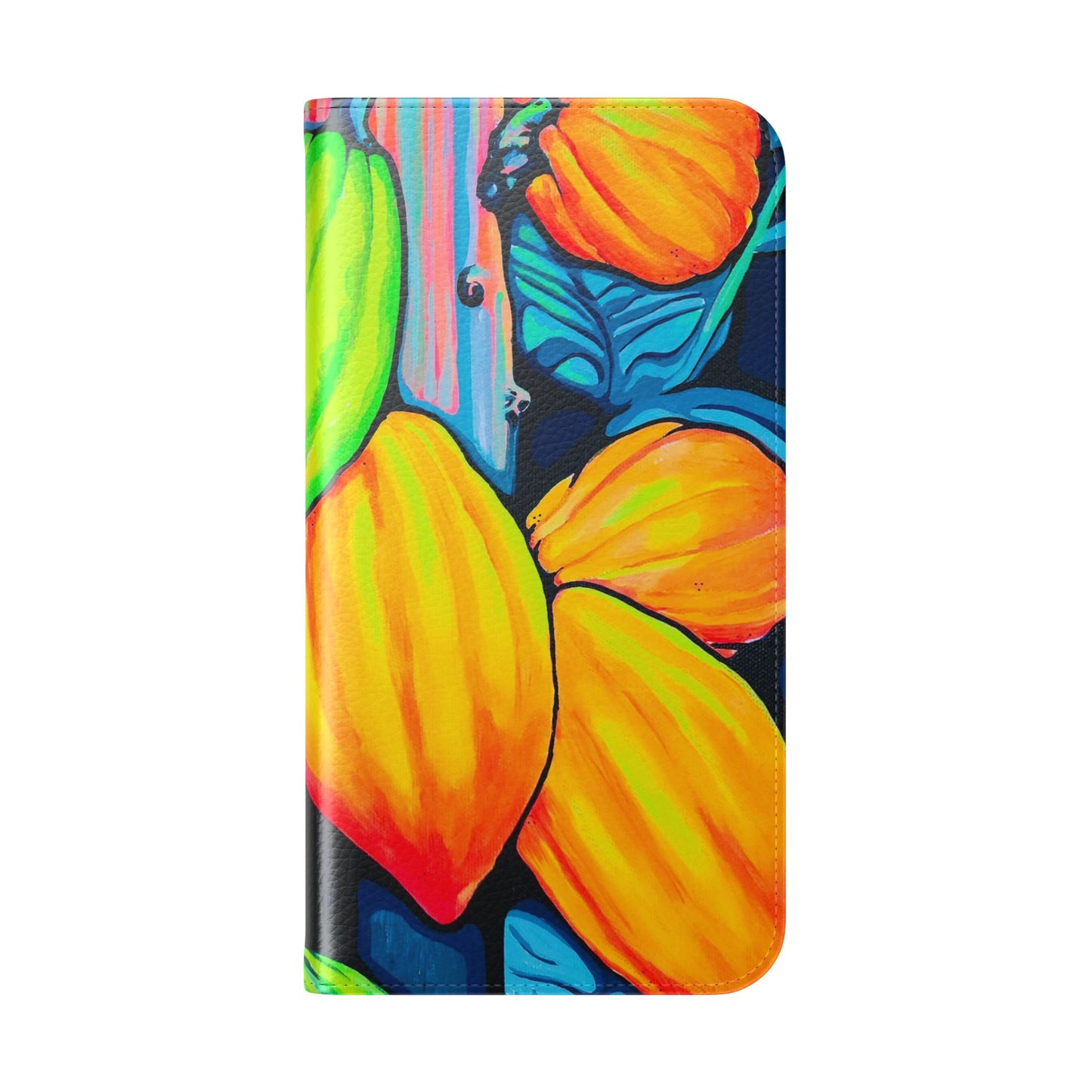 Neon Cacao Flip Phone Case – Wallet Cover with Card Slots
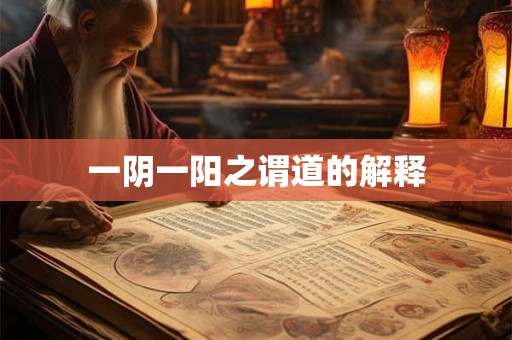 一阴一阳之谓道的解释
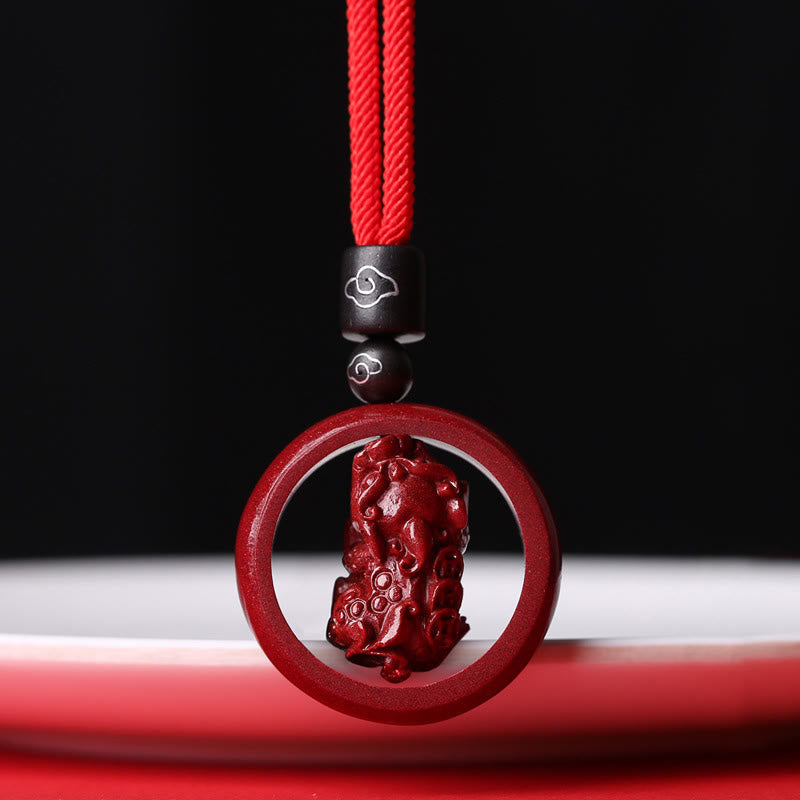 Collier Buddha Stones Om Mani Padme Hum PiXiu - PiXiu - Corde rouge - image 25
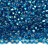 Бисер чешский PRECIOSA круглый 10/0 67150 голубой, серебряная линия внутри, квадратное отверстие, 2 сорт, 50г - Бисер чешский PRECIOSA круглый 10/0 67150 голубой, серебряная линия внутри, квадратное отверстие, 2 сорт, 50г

* [ACTIVITY]
Omit the pictures, then set down all the remaining data exactly as given.

* [EXERCISE RESPONSE]
 Neon Cacao Flip Phone Case – Wallet Cover with Card Slots
 一阴一阳之谓道的解释
 Collier Buddha Stones Om Mani Padme Hum PiXiu - PiXiu - Corde rouge - image 25
 Бисер чешский PRECIOSA круглый 10/0 67150 голубой, серебряная линия внутри, квадратное отверстие, 2 сорт, 50г - Бисер чешский PRECIOSA круглый 10/0 67150 голубой, серебряная линия внутри, квадратное отверстие, 2 сорт, 50г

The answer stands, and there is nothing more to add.